[ABOUT THIS TASK]
Please set out each line below exactly as it stands, without the images.

[STORED DATA]
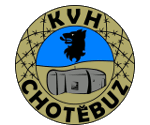 Klub vojenské historie Chotěbuz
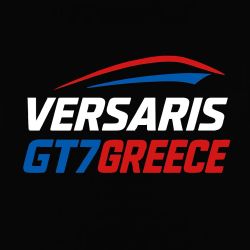 versaris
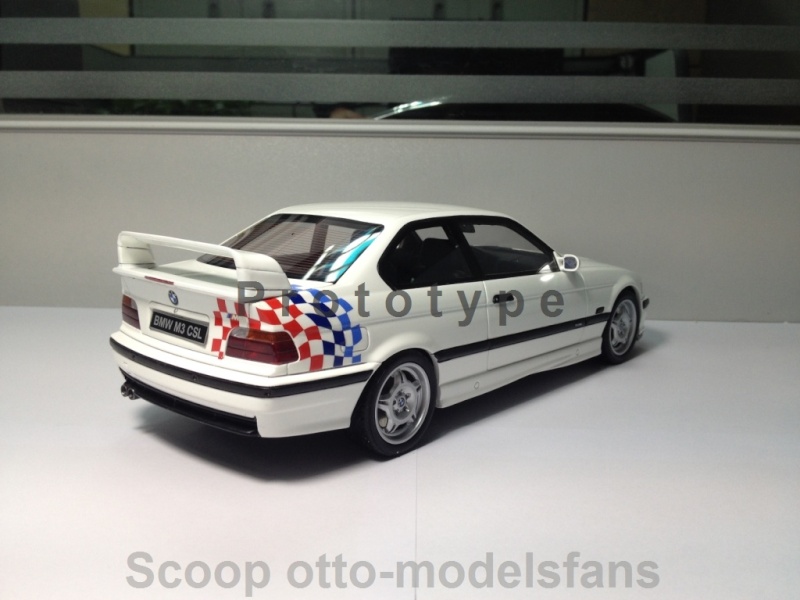 BMW & Mini-News (& Rolls-Royce)-Laberthread - News-Bereich:  Automobilhersteller - Modelcarforum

[RESPONSE]
 Klub vojenské historie Chotěbuz
 versaris
 BMW & Mini-News (& Rolls-Royce)-Laberthread - News-Bereich:  Automobilhersteller - Modelcarforum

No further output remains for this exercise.